[PATCH v6 4/6] arm64: dts: aspeed: Add initial AST2700 SoC device tree
Geert Uytterhoeven
geert at linux-m68k.org
Fri Oct 24 18:56:57 AEDT 2025
On Thu, 23 Oct 2025 at 22:11, Arnd Bergmann <arnd at arndb.de> wrote:
> On Thu, Oct 23, 2025, at 09:37, Ryan Chen wrote:
> >> > + aliases {
> >> > + serial0 = &uart0;
> >> > + serial1 = &uart1;
> >> > + serial2 = &uart2;
> >> > + serial3 = &uart3;
> >> > + serial4 = &uart4;
> >> > + serial5 = &uart5;
> >> > + serial6 = &uart6;
> >> > + serial7 = &uart7;
> >> > + serial8 = &uart8;
> >> > + serial9 = &uart9;
> >> > + serial10 = &uart10;
> >> > + serial11 = &uart11;
> >> > + serial12 = &uart12;
> >> > + serial13 = &uart13;
> >> > + serial14 = &uart14;
> >> > + };
> >>
> >> This looks like you just list all the uarts that are present on the chip, which is
> >> not how the aliases are meant to be used. Move this block into the board
> >> specific file and only list the ones that are actually enabled on that particular
> >> board.
> >>
> >> In particular, the alias names are meant to be local to the board and don't
> >> usually correspond to the numbering inside of the chip.
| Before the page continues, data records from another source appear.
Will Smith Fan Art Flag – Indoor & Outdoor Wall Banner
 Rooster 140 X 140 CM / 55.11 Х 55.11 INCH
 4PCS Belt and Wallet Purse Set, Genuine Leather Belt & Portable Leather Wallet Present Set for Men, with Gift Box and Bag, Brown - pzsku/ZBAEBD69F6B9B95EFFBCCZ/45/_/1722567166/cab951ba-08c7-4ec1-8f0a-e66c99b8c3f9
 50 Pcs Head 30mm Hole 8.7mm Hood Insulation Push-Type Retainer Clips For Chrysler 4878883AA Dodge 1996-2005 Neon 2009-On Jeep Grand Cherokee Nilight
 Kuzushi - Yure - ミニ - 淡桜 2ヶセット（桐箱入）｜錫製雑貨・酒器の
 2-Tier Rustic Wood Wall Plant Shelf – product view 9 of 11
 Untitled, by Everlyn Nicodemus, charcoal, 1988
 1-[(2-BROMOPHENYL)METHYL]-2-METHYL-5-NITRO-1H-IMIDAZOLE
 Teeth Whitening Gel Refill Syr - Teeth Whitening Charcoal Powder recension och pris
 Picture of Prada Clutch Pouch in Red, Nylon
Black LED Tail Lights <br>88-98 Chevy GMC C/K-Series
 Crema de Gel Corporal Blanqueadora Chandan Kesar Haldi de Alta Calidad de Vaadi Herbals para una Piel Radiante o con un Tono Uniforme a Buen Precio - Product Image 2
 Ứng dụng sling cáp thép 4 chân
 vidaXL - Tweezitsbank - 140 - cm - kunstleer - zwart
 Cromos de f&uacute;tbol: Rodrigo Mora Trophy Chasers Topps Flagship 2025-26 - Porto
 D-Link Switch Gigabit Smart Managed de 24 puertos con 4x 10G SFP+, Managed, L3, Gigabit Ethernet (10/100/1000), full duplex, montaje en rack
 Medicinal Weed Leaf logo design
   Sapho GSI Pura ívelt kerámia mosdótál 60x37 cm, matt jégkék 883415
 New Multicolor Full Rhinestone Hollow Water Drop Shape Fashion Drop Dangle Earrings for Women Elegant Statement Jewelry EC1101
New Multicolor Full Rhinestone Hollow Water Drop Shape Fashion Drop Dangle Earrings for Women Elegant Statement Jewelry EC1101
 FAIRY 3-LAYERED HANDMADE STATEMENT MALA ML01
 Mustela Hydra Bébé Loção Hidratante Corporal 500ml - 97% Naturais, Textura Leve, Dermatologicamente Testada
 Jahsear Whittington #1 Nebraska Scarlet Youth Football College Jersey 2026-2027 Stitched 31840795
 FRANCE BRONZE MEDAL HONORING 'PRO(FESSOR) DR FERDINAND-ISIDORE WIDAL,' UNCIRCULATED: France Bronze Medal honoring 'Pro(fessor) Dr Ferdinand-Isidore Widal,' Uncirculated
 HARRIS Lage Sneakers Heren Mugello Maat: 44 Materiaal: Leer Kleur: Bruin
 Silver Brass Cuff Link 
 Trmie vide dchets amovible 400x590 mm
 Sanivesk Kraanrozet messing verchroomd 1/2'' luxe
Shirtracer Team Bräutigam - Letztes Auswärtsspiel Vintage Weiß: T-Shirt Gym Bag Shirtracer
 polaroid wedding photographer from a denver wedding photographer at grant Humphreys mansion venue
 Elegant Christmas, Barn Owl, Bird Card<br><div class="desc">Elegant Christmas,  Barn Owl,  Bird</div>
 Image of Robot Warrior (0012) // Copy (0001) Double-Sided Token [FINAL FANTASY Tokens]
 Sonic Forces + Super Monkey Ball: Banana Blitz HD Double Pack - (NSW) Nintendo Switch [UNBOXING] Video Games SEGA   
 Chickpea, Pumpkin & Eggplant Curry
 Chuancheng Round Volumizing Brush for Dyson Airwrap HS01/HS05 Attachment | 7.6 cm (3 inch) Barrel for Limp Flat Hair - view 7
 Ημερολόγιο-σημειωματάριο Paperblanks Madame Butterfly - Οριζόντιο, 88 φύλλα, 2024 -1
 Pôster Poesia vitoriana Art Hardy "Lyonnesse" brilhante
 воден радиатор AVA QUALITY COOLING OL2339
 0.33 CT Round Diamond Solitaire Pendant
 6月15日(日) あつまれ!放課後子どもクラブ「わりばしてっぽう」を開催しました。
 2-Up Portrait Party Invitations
In the defconfig, we
> >> currently set CONFIG_SERIAL_8250_NR_UARTS=8, which is enough for any
> >> board we support so far, but that means only the first
> >> 8 aliases in the list will actually work.
> >
> > Understood. I'll move the aliases block from the SoC dtsi into the
> > EVB board dts. For the EVB, UART12 is used as the default console,
> > and the board labels match the SoC numbering, so I plan to keep:
> >
> > Does that look acceptable?
> > ast2700-evb.dts
> > aliases {
> > serial0 = &uart0;
> > serial1 = &uart1;
> > serial2 = &uart2;
> > serial3 = &uart3;
> > serial4 = &uart4;
> > serial5 = &uart5;
> > serial6 = &uart6;
> > serial7 = &uart7;
> > serial8 = &uart8;
> > serial9 = &uart9;
> > serial10 = &uart10;
> > serial11 = &uart11;
> > serial12 = &uart12;
> > serial13 = &uart13;
> > serial14 = &uart14;
> > }
>
> I think this would be broken for the defconfig if the consol is
> on serial12. I would recommend using serial0 as the console, like
>
> aliases {
> serial0 = &uart12;
> }
>
> in this case. If additional uarts are enabled, add those as
> further aliases.
Indeed. Are all these serial ports exposed on the board?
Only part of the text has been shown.